For a moment, Pooh was perplexed.

“But…..aren’t you going to tell me not to be so silly? That I should stop getting myself into a state and pull myself together? That it’s hard for everyone right now?”

“No,” said Piglet, quite decisively. “No, I am very much not going to do any of those things.”

“But-“ said Pooh.

“I can’t change the world right now,” continued Piglet. “And I am not going to patronize you with platitudes about how everything will be okay, because I don’t know that.”

“What I can do, though, Pooh, is that I can make sure that you know that I am here. And that I will always be here to listen; and to support you; and for you to know that you are heard.”

“I can’t make those Anxious Feelings go away, not really.”

“But I can promise you that, all the time I have breath in my body….you won’t ever need to feel those Anxious Feelings alone.”

And it was a strange thing, because even as Piglet said that, Pooh could feel some of those Anxious Feelings start to loosen their grip on him; could feel one or two of them start to slither away into the forest, cowed by his friend, who sat there next to him.

Pooh thought he had never been more grateful to have Piglet in his life.

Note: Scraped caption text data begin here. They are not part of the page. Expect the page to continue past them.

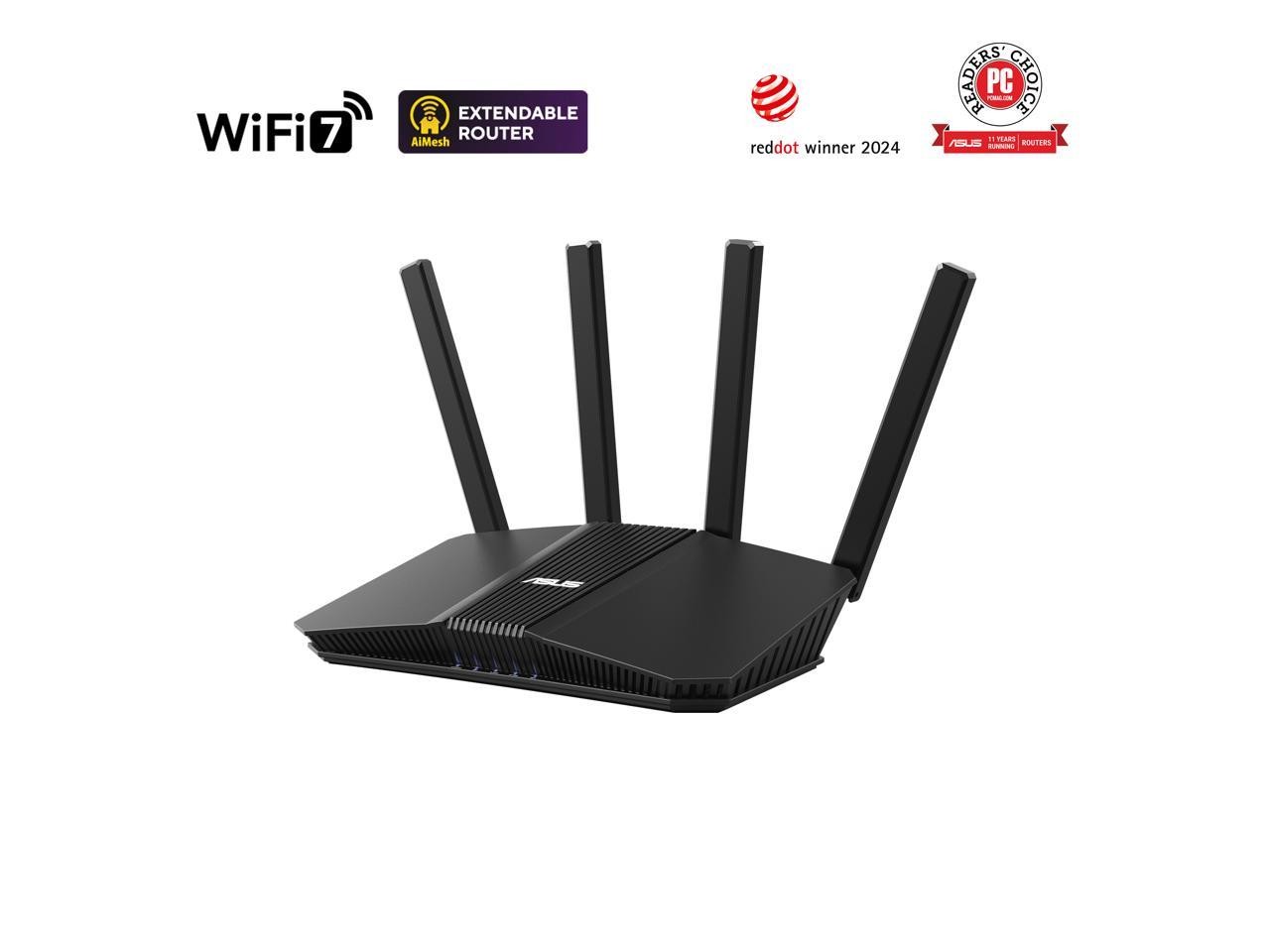 ASUS RT-BE58U WiFi 7 AiMesh Extendable Router, 4K-QAM, MLO, AI Detection 2.5G WA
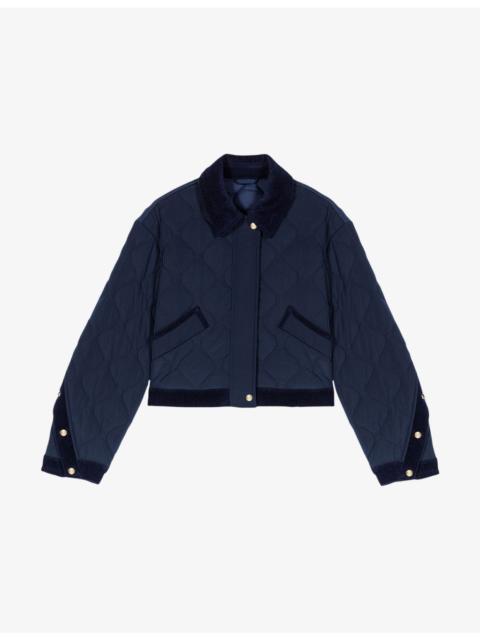 Quilted Velvet-Trim Woven Jacket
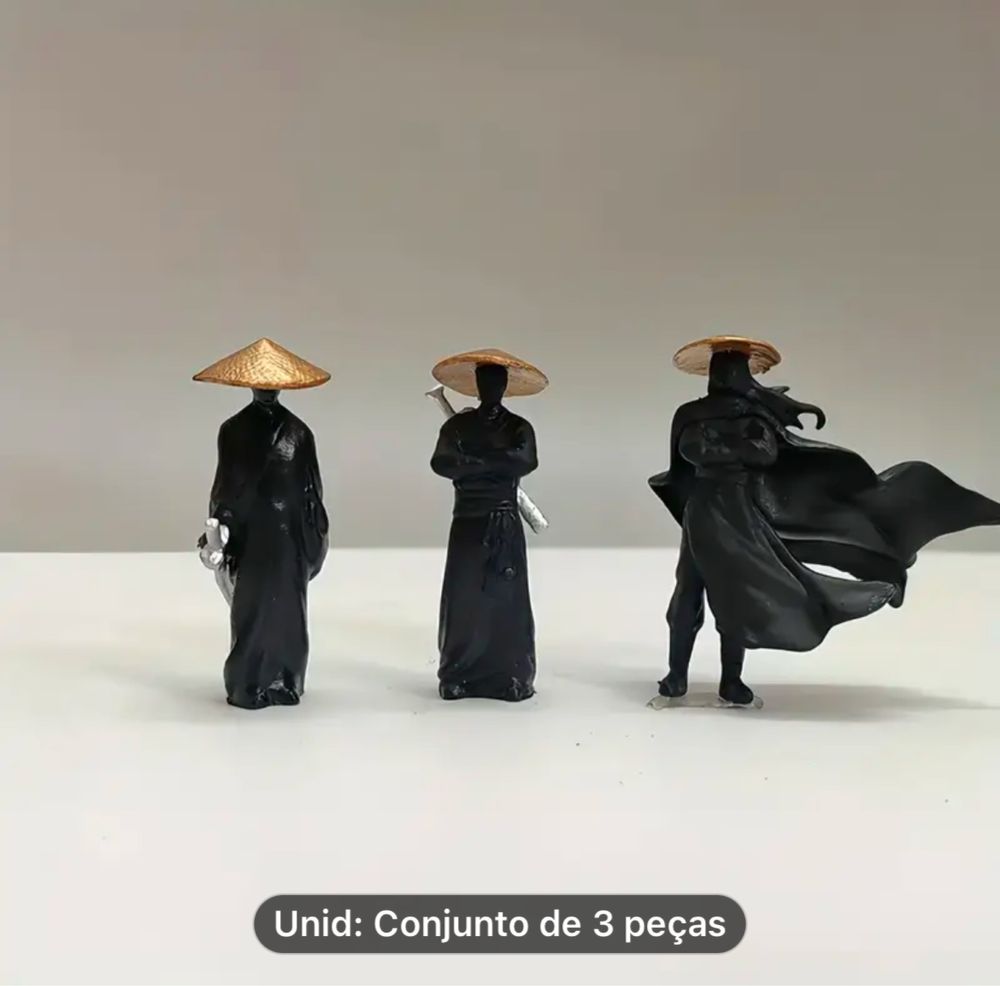 Conjunto de Estátuas Ninja - Miniaturas de Mestre da Espada
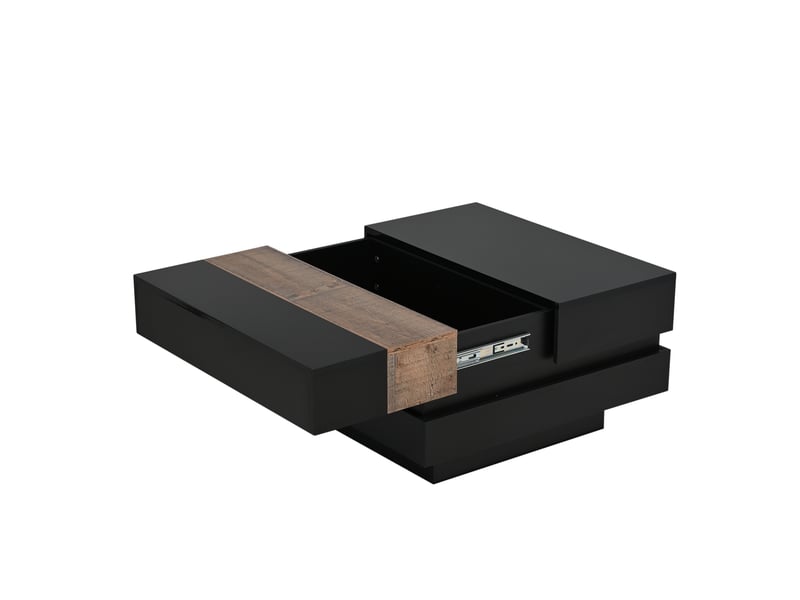  Table basse carrée 70x70 extensible avec rangement caché mdf noir brillant  - Conforama W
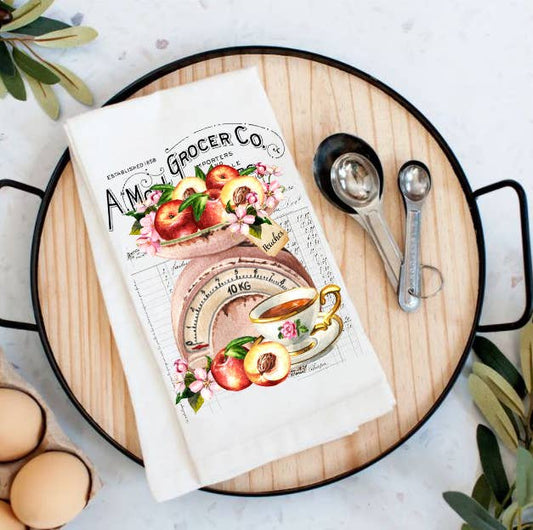 Vintage French Peaches & Tea Cotton Tea Towels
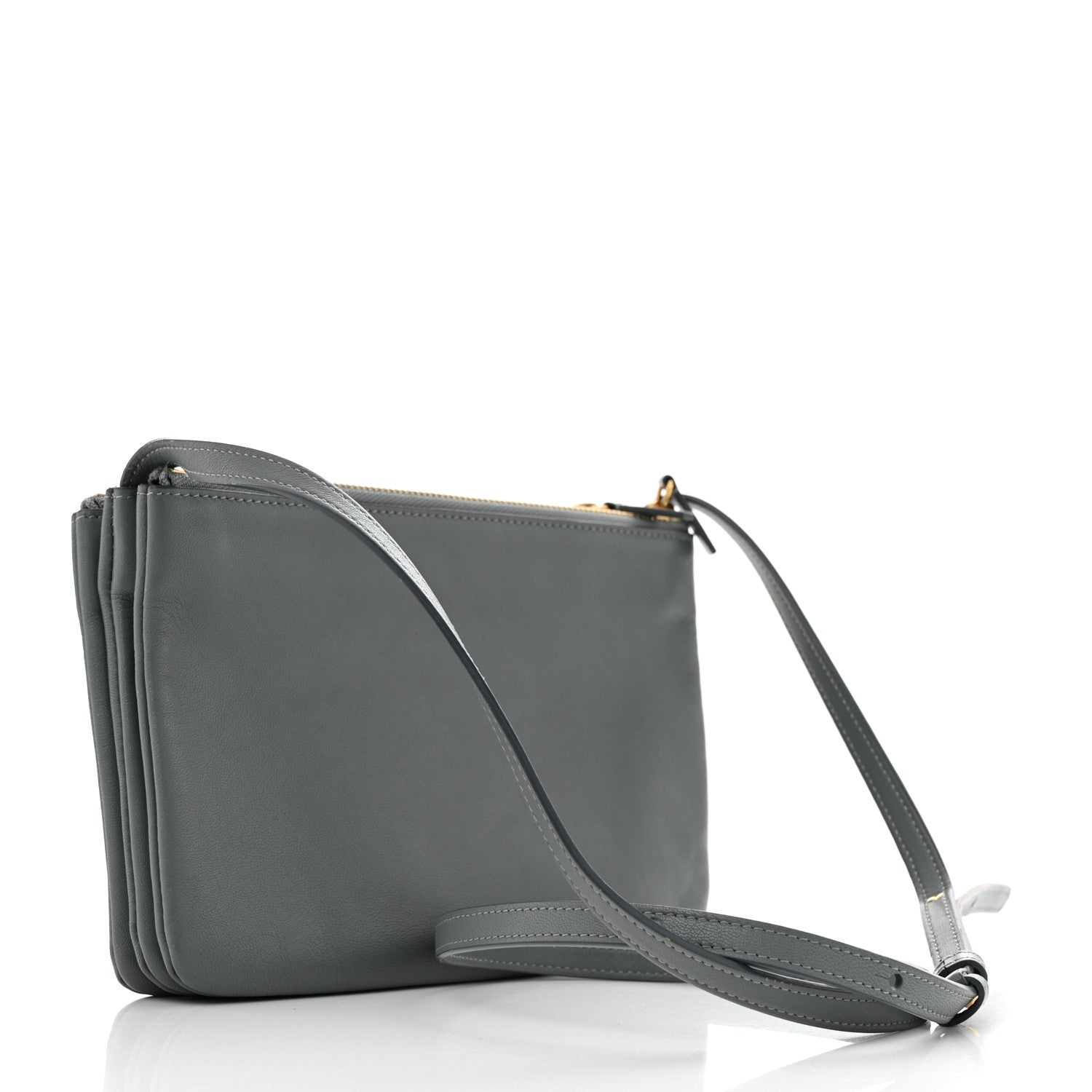 Celine Lambskin Small Trio Crossbody Bag Smoke 2 of 13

There is a hymn that has been sung that has a line that goes something like this, “Christ has no body now but yours.” It speaks to the presence of God through the presence of us. It speaks to the fact that God can, and does, come to us in many different ways. God can come to us in the presence of those around us; in a hug; in a touch; in a smile; in someone just listening. This is the presence that is in the story, but the challenge for us is to be that presence without the need to fix. Quite often we might be hesitant to be that presence for someone because we are afraid that there is nothing that we can do to ‘help.’ The story reminds us that we don’t have to help, we just have to ‘be.’ We just have to enter into those places of doubt, fear, anxious feelings, grief, loneliness, so that those who are there know that they are not alone. We are also called to allow others to enter into those places in our lives, so that the presence of God might be felt through them. It is our calling as Christians to be that calming presence of God in the lives of those who might need it, and to allow others to be that same presence in our lives when we need. In this way we are blessed, we know that we are not alone, and we know that we are loved.


God of infinite presence, please help us to feel you in our lives in all the ways that you come to us. Give us the courage and the strength to be your presence for others in the midst of their struggles. Help us to see that our role is not to fix, but rather just too ‘be’ with them so that they don’t feel alone. Help us to be vulnerable enough to allow others to come into our lives and be your presence for us when we need to feel you. We ask this in the name of the one who gave all for us, your son, Jesus. Amen.